4. If the notification creation fails, does the comment still get created?
   (notification failure should not block the comment)

Check the code we wrote in step 4 against these requirements.

Verification prompts catch bugs at the step level instead of discovering them later during integration or testing. They are especially important for business logic requirements that are easy to miss.

Handling Failures in Chains

When a step in the chain produces incorrect output, you need to fix it without redoing all previous steps. The key is providing the AI with clear context about what is correct (previous steps) and what needs fixing (the current step).

Step 4 has an issue. The notification trigger fires even when the commenter
is the post author, creating self-notifications.

Fix only this specific issue in src/services/CommentService.ts. The fix
should add a check: if comment.authorId === post.authorId, skip the
notification creation. Do not modify anything from steps 1-3.

If a step is fundamentally wrong and cannot be patched:

Step 4 needs to be redone. The approach of calling NotificationService
directly from CommentService creates tight coupling. Instead, use an event
emitter pattern:

- CommentService emits a 'comment:created' event with the comment data
- A new NotificationListener in src/listeners/ subscribes to 'comment:created'
  and creates the notification

Rewrite step 4 with this approach. Steps 1-3 remain unchanged.

Parallel Decomposition

Not all multi-step tasks are sequential. Sometimes steps can be executed in parallel because they are independent.

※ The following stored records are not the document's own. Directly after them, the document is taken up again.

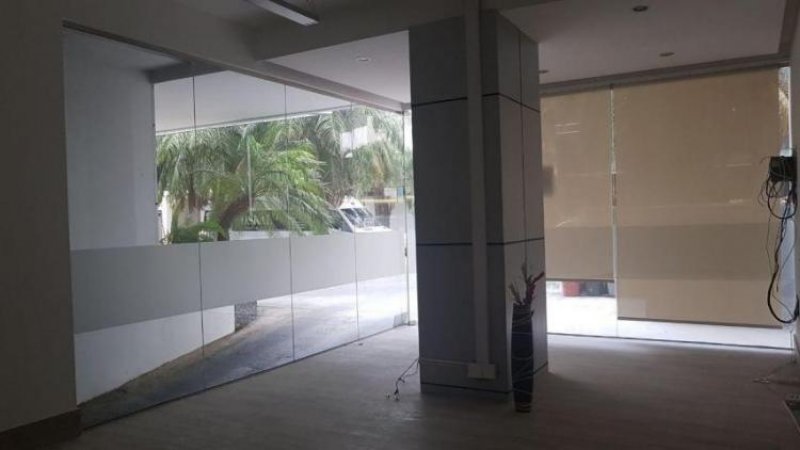 Foto Local en Alquiler en Marbella, Panamá - U$D 2.000 - LOA23634 - BienesOnLine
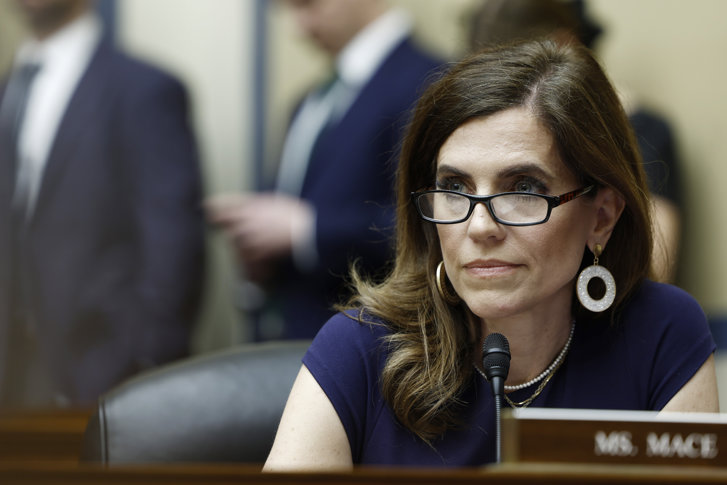 Mace stellt Walz zur Rede - Nancy Mace greift Tim Walz im Ausschuss an, während dieser mit Aussagen zu China neue Kritik auslöst.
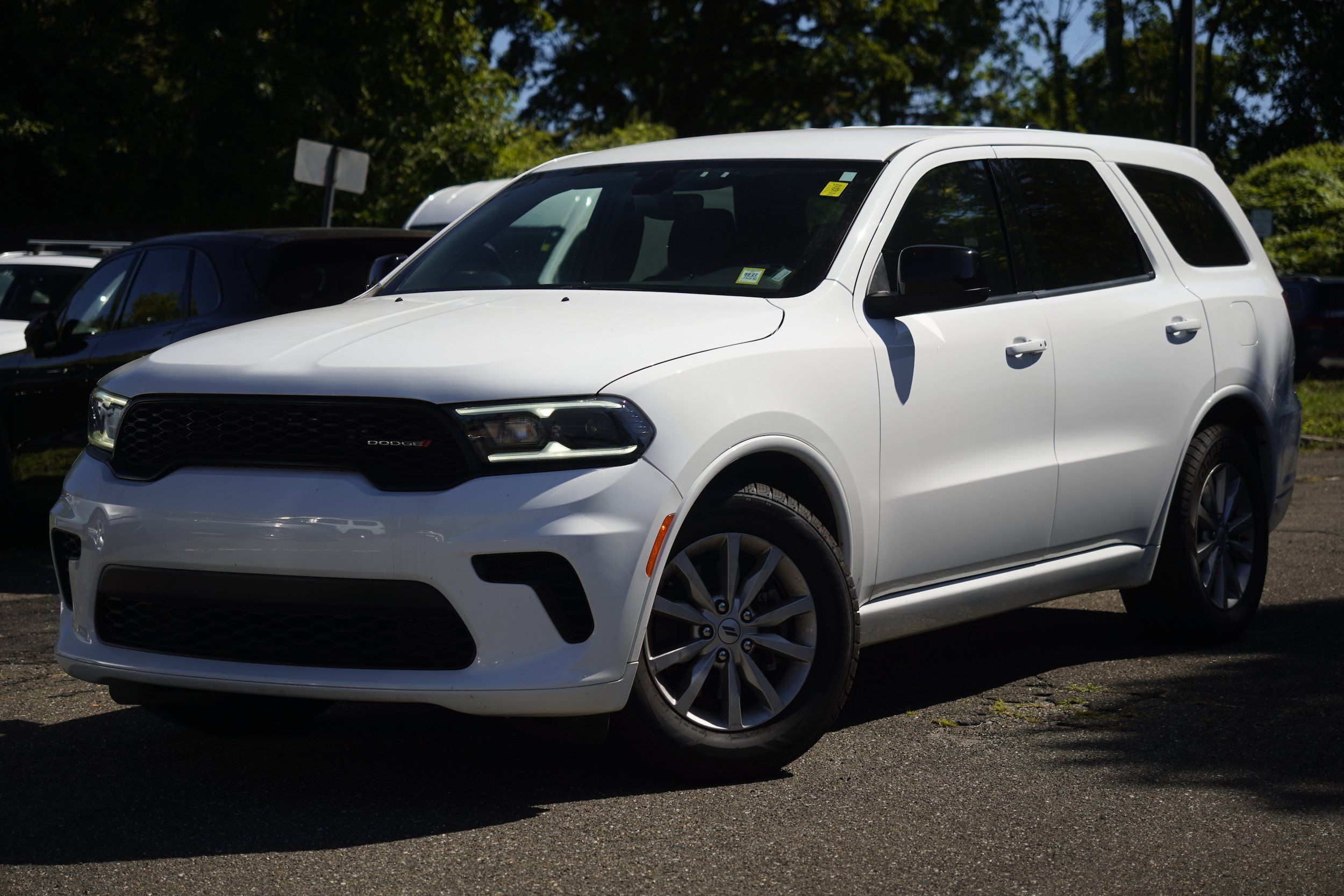 Used 2025 Dodge Durango GT RWD image 2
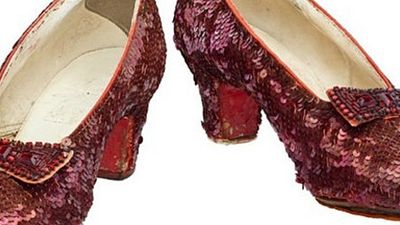 Smithsonian Enstitüsü Dorothy'nin Papuçlarını Kurtarıyor! haber görseli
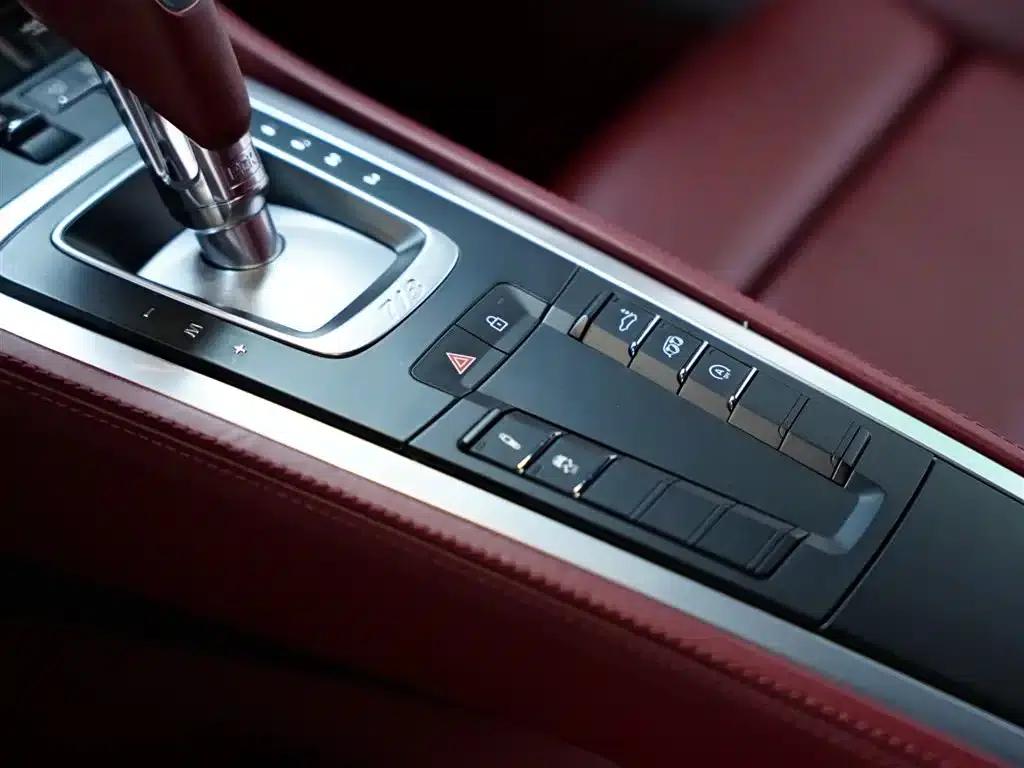 Porsche 718 Cayman 2020 2.0T — миниатюра 33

We need to add three new API resources. These are independent and do not
depend on each other:

Task A: Create the Tags resource (CRUD endpoints + service + schema)
Task B: Create the Categories resource (CRUD endpoints + service + schema)
Task C: Create the Comments resource (CRUD endpoints + service + schema)

For each, follow the same pattern as our existing Products resource in
src/routes/products.ts, src/services/ProductService.ts, and
src/schemas/product.ts.

Let us start with Task A. After I review it, we will do B and C.

Even though the tasks are independent, doing them sequentially lets you verify that the first one establishes the right pattern before replicating it. Once Task A is approved, Tasks B and C can follow the same template with minimal review.

When to Merge Steps

Sometimes you over-decompose and create unnecessary overhead. Merge steps when:

  • Two steps are very simple and naturally belong together (create a file and add its import)
  • The intermediate result of a step has no value for review (you do not need to approve the TypeScript interface before seeing the implementation)
  • Steps are so small that the overhead of reviewing each one exceeds the benefit

The sweet spot is steps that are large enough to produce a meaningful, reviewable artifact but small enough that you can verify correctness in under a minute. For most developer tasks, this means one file or one logical unit per step.